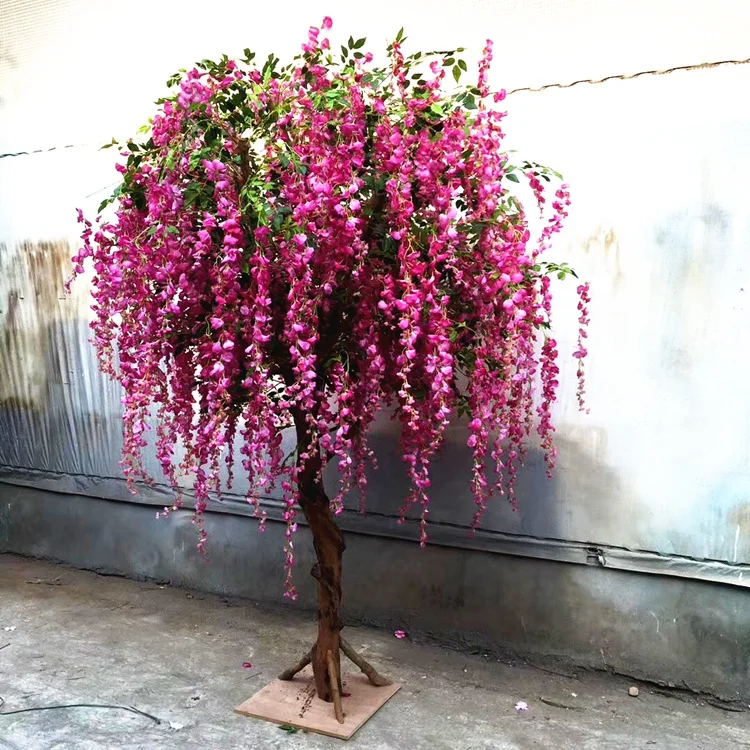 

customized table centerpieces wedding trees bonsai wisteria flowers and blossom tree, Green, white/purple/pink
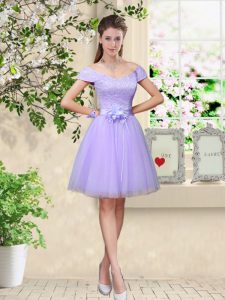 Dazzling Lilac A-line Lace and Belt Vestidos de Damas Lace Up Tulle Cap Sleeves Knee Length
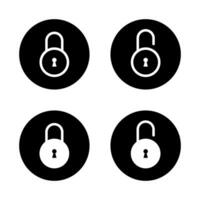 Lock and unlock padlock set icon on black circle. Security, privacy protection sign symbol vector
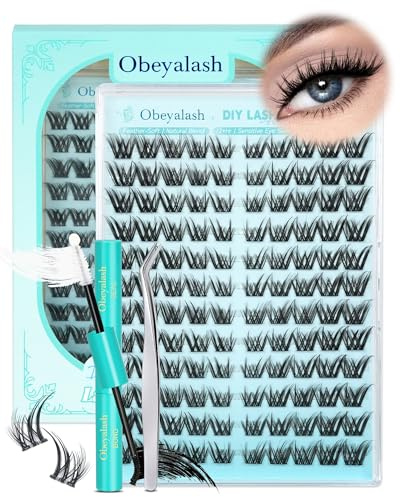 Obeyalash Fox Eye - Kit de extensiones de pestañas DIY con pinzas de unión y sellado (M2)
_ _ _ _
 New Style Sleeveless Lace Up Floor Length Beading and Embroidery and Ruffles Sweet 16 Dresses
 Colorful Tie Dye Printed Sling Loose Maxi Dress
_ _ _ _
**WORK TO COMPLETE**
All that belongs in the answer is the run of lines above from the line containing "New Style Sleeveless" through the line containing "Colorful Tie Dye", exactly as written.

**ANSWER TO THE PROBLEM**
 New Style Sleeveless Lace Up Floor Length Beading and Embroidery and Ruffles Sweet 16 Dresses
 Colorful Tie Dye Printed Sling Loose Maxi Dress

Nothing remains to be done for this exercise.